=== Records for the exercise ===
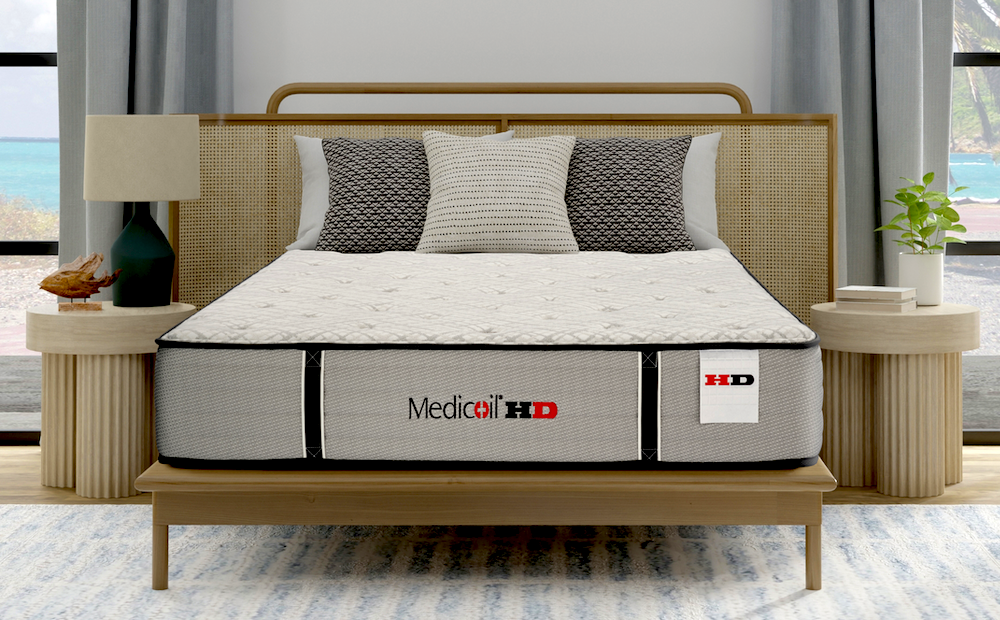 Therapedic International introduced Medicoil HD, its first heavy-duty collection a decade ago. It has since added TheraLuxe HD and TheraLuxe HD Ice lines.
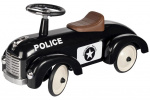 Goki loopauto Politie jongens 75 cm staal zwart Goki loopauto Politie jongens 75 cm staal zwart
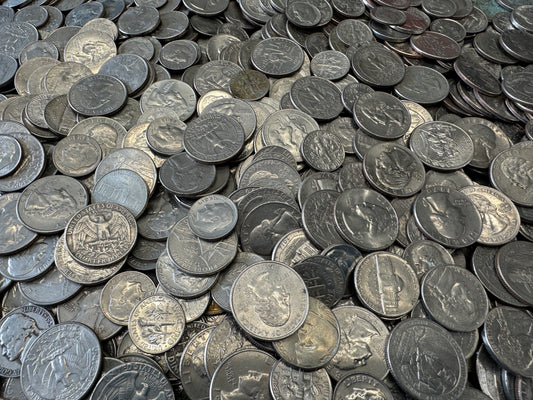 United States Coins USD in Dollars, Quarters, Dimes and Nickels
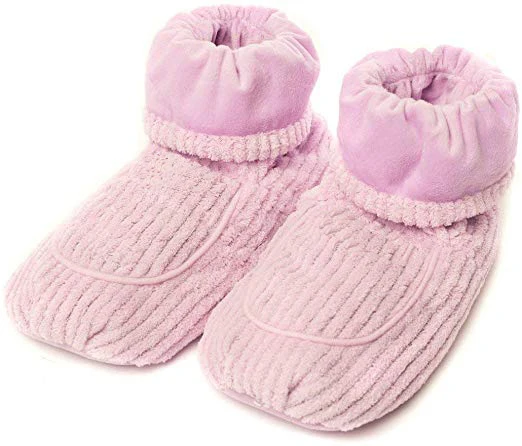 Microwavable Heated Slippers Warming Foot Heating Booties Foot Warmer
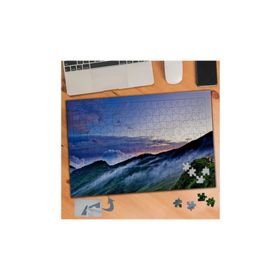 726 Bulutlu Gökyüzü Dağ Doğa 240 Parça Puzzle Yapboz Tablo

=== Directions ===
Leave the images out. Set down all of the material above exactly.

=== Final answer ===
 Therapedic International introduced Medicoil HD, its first heavy-duty collection a decade ago. It has since added TheraLuxe HD and TheraLuxe HD Ice lines.
 Goki loopauto Politie jongens 75 cm staal zwart Goki loopauto Politie jongens 75 cm staal zwart
 United States Coins USD in Dollars, Quarters, Dimes and Nickels
 Microwavable Heated Slippers Warming Foot Heating Booties Foot Warmer
 726 Bulutlu Gökyüzü Dağ Doğa 240 Parça Puzzle Yapboz Tablo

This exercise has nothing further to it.